Socialized Nature!
By James Poniewozik
The national parks—and The National Parks—are based on ideas that are classically, if not radically, communitarian: That the free market doesn't always act in the public interest. That it's good that every American shares ownership of and responsibility for the most exclusive properties in the country. And that it is right for people—through government—to protect them from business interests and even from the people themselves (like the early visitors who shot game and scratched their names on ancient rocks). A series on a public-TV network that calls a government program America's best idea?
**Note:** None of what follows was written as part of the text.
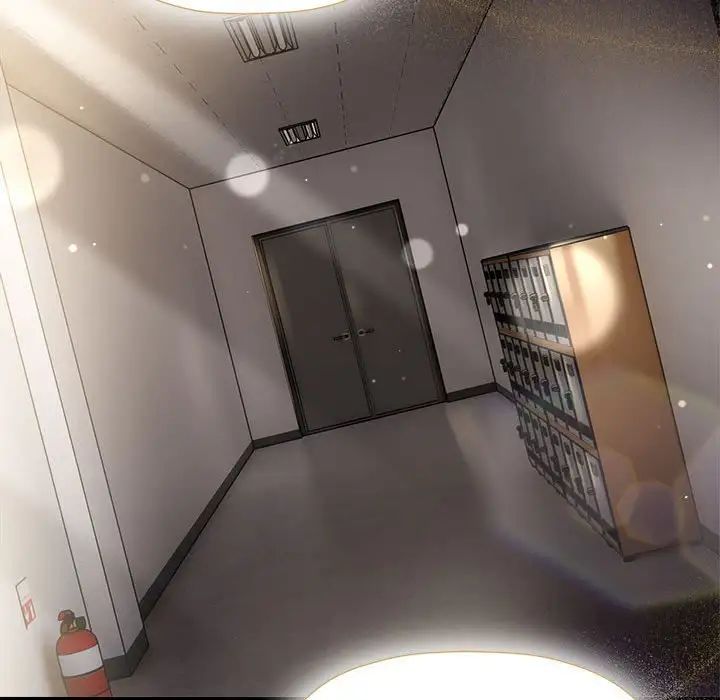 粉絲招募中!第47話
Has no one alerted Rush Limbaugh?
By Patrick Goldstein
In other words, the entire origin of the national park system, whose most passionate backer was a Republican, Teddy Roosevelt, is based on a firm belief in--Glenn Beck, cover your ears, please--government intervention to regulate an out-of-control free-enterprise system. In fact, one of the more dramatic moments in Burns' documentary involves the battle to create a park in the Great Smoky Mountains, while logging companies bankrolled anti-park ads and were "frantically cutting the old-growth forests to extract everything they could before the land was closed to them."
As we've seen, the teabaggers don't care about "socialism" in our highways, our libraries, or our police forces. They don't care about "socialism," period. All they care about is getting the scary black man out of the White House.
For more on the subject, see Buchanan Sums Up Teabaggers.
As for socialism (rulers controlling things), the national parks represent but a tiny part of the total land in the US. Also, as the documentary shows, a lot of the land ended up in the system due to the free market (Rockefeller's voluntary donations). It's hardly a socialist "threat" worth mentioning.